Toward Decontamination in Coastal Regions: Groundwater Quality, Fluoride, Nitrate, and Human Health Risk Assessments within Multi-Aquifer Al-Hassa, Saudi Arabia
Contamination in coastal regions attributed to fluoride and nitrate cannot be disregarded, given the substantial environmental and public health issues they present worldwide. For effective decontamination, it is pivotal to identify regional pollution hotspots. This comprehensive study was performed to assess the spatial as well as indexical water quality, identify contamination sources, hotspots, and evaluate associated health risks pertaining to nitrate and fluoride in the Al-Hassa region, KSA. The physicochemical results revealed a pervasive pollution of the overall groundwater. The dominant water type was Na-Cl, indicating saltwater intrusion and reverse ion exchange impact.
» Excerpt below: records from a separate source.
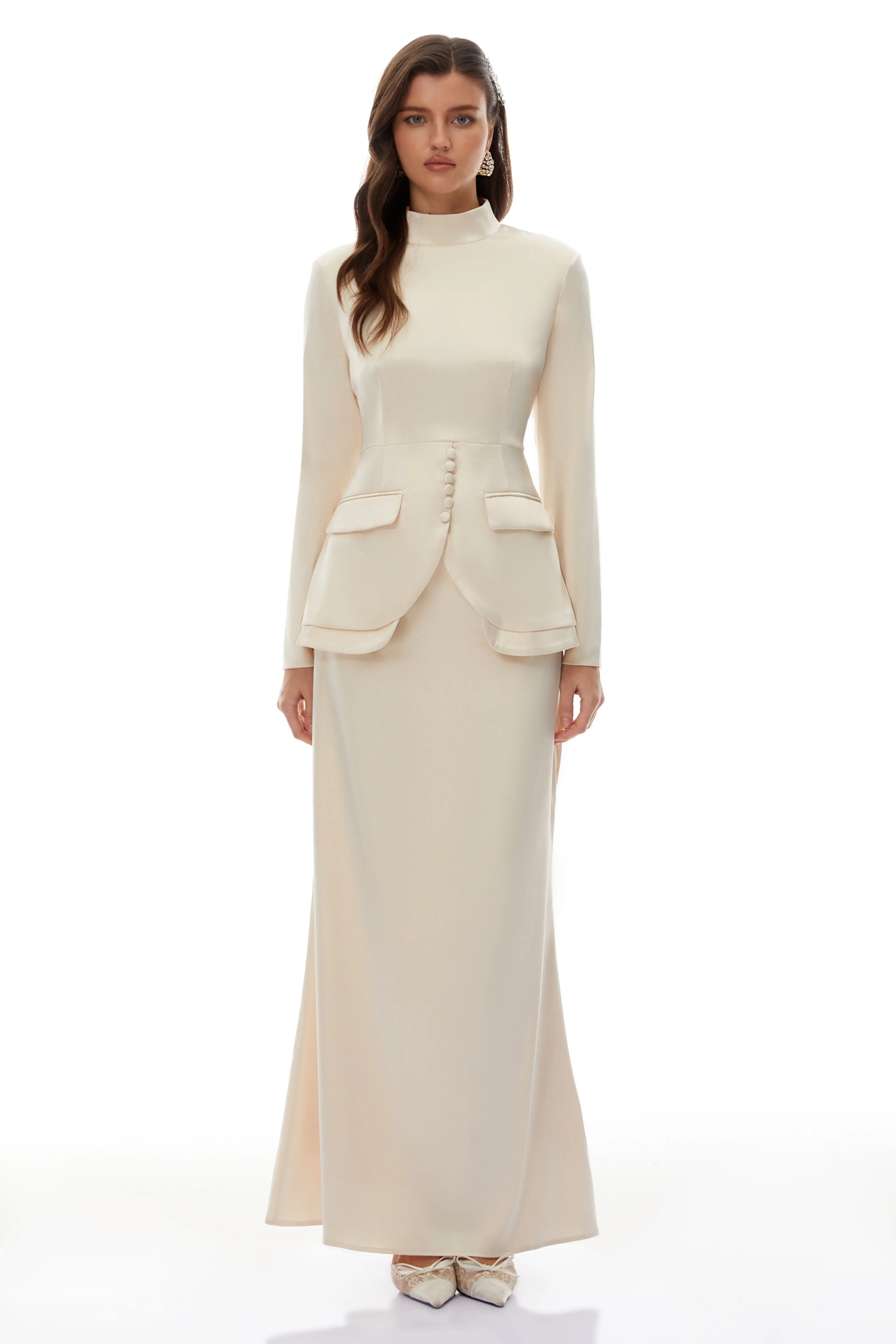 polly apricot Neutral Mock Neck Blouse Mermaid Skirt Set Avalabel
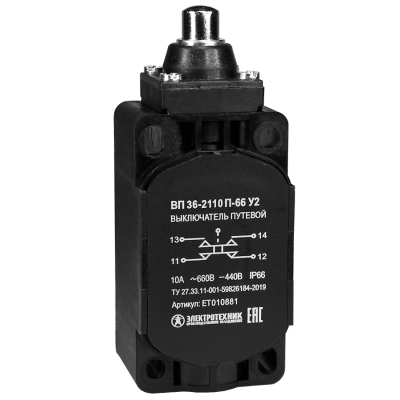 ВП 36-2110П-66 У2 (XCKS101H29), толкатель, 1з+1р, мгновенный, 30х60 мм, без сальника, 3А, IP66 (ЭТ)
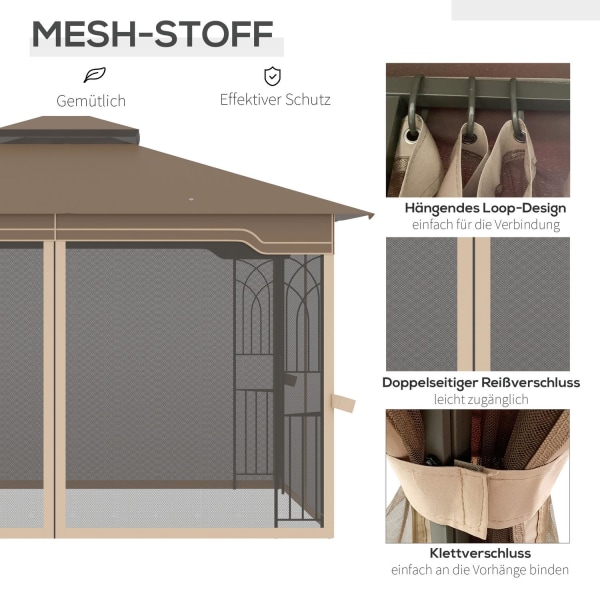 Garden Pavillon 3,65X3M Telt Med Dobbelttag & Myggenet, Metal, Brun+Beige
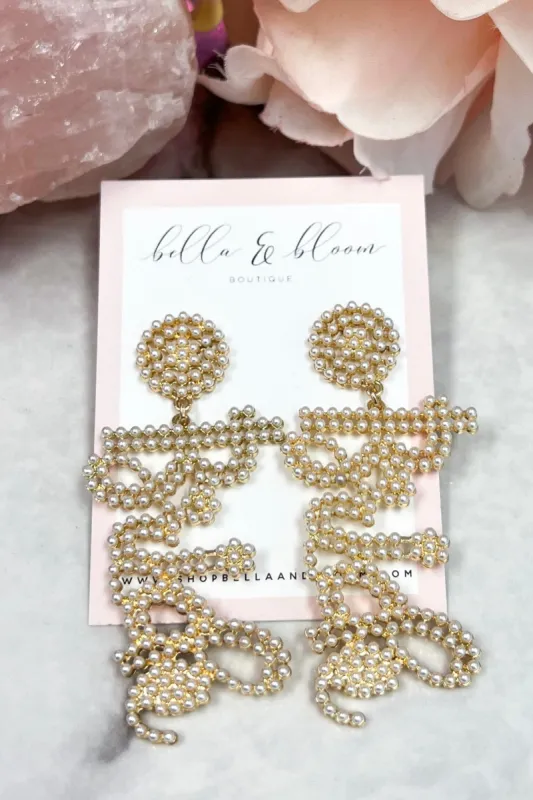 Cursive Bride Earrings: Pearl/Gold sold by Bella and Bloom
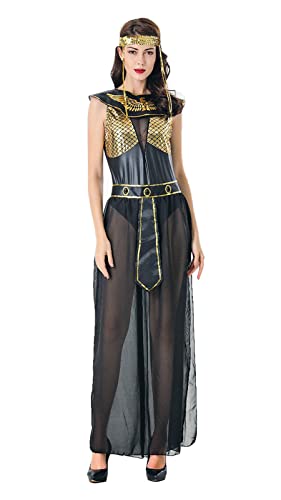 Image of Ulalaza Women's Cosplay Costume Cleopatra Greek Goddess Ancient Roman Warrior Uniform Outfit for Halloween Party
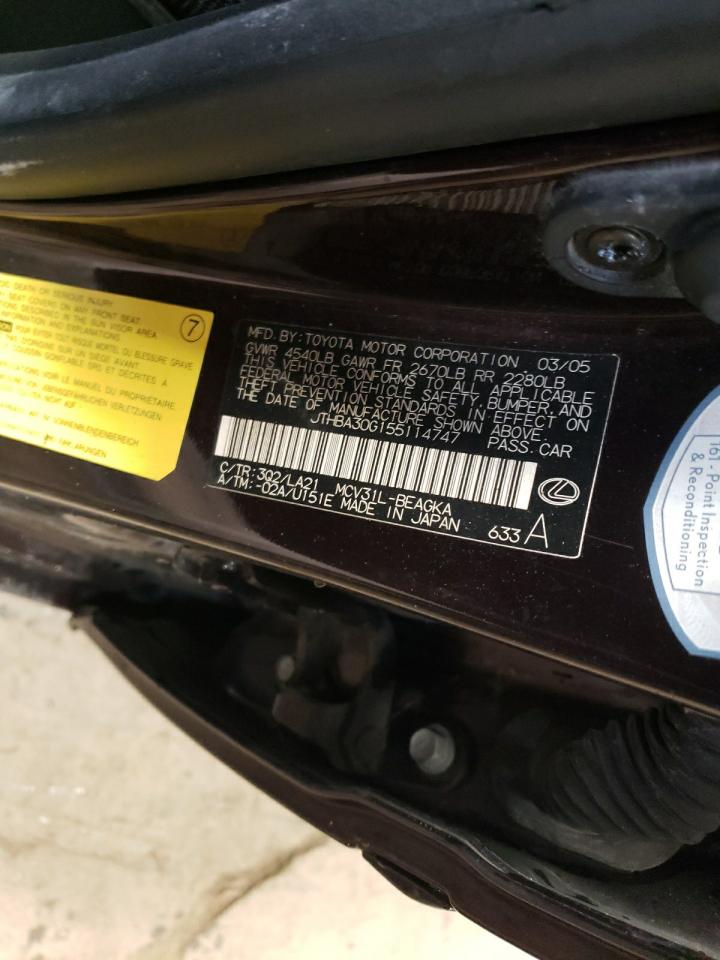 2005 Lexus Es 330 VIN: JTHBA30G155114747 Lot: 59151654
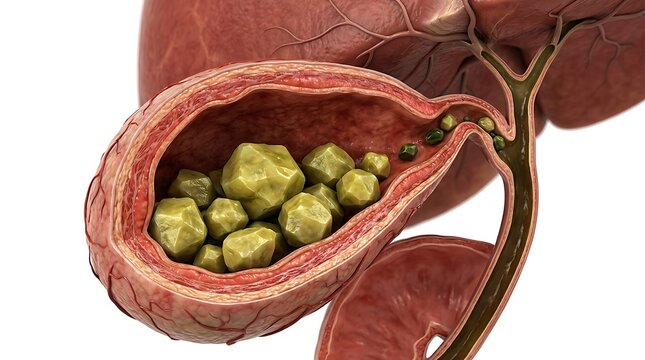 Large Gallstones Inside Human Gallbladder Cross Section Medical Illustration Showing Cholelithiasis, Bile Accumulation and Digestive Disease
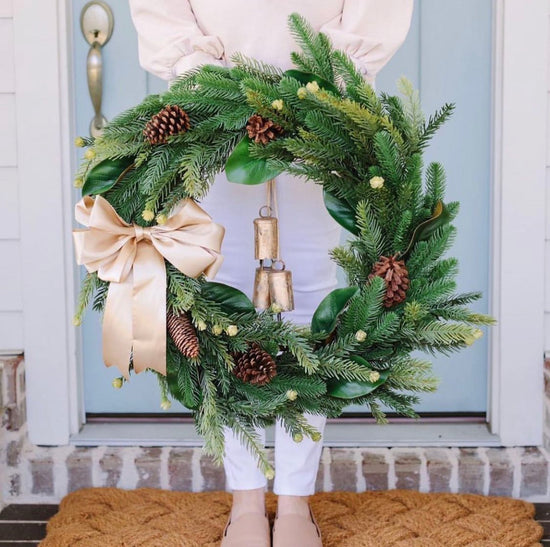 The Cedar and Pine Jingle Bell Wreath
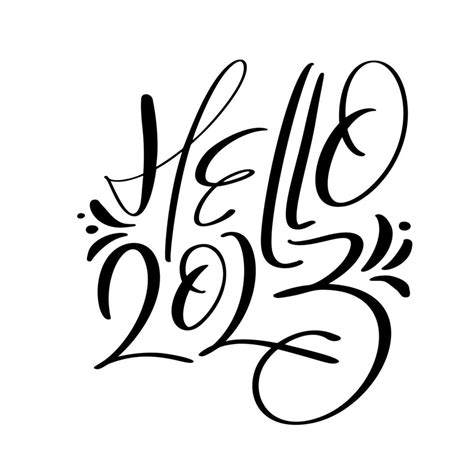 hola 2023 texto de letras de caligrafía dibujada a mano vectorial. feliz año nuevo y feliz ...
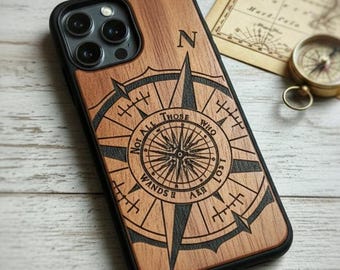 Compass iPhone 16 16e 17 Air Plus + Pro Max Real Wood Phone Case Not All Who Wander Are Lost MagSafe Available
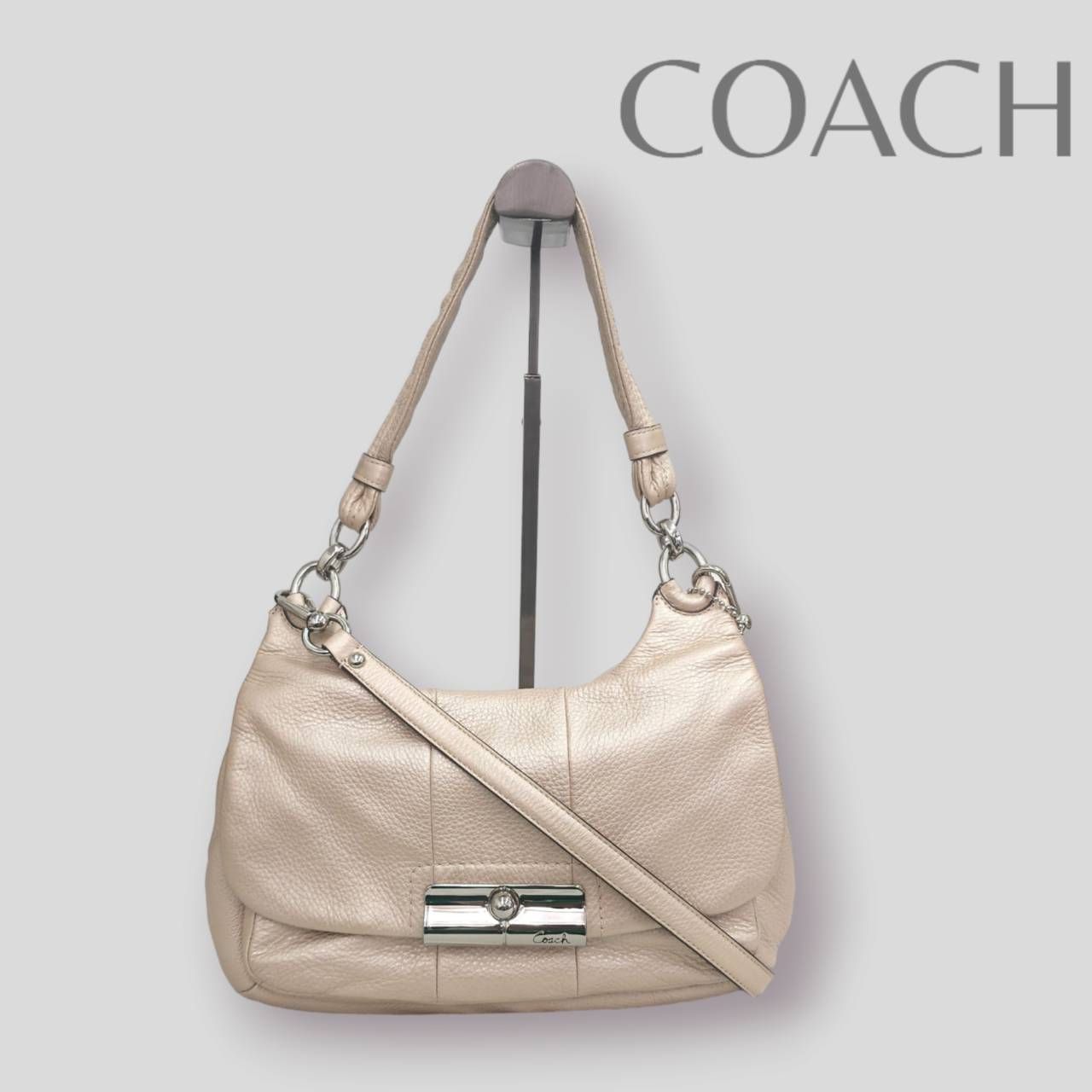 最終価格】COACH コーチ 2way ハンドバッグ ショルダーバッグ 16931 ベージュ系 レザー 鞄 - メルカリ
Spatiotemporal variations in physicochemical properties suggest diverse hydrochemical mechanisms, with geogenic factors primarily influencing groundwater chemistry. The groundwater pollution index varied between 0.8426 and 4.7172, classifying samples as moderately to very highly polluted. Similarly, the synthetic pollution index (in the range of 0.5021–4.0715) revealed that none of the samples had excellent water quality, with various degrees of pollution categories. Nitrate health quotient (HQ) values indicated chronic human health risks ranging from low to severe, with infants being the most vulnerable. Household use of nitrate-rich groundwater for showering and cleaning did not pose significant health risks. Fluoride HQ decreased with age, and children faced the highest risk of fluorosis. The hazard index (HI) yielded moderate- to high-risk values. Nitrate risks were 1.21 times higher than fluoride risks, as per average HI assessment. All samples fell into the vulnerable category based on the total hazard index (THI), with 88.89% classified as very high risk. This research provides valuable insights into groundwater quality, guiding water authorities, inhabitants, and researchers in identifying safe water sources, vulnerable regions, and human populations. The results highlight the need for appropriate treatment techniques and long-term coastal groundwater management plans.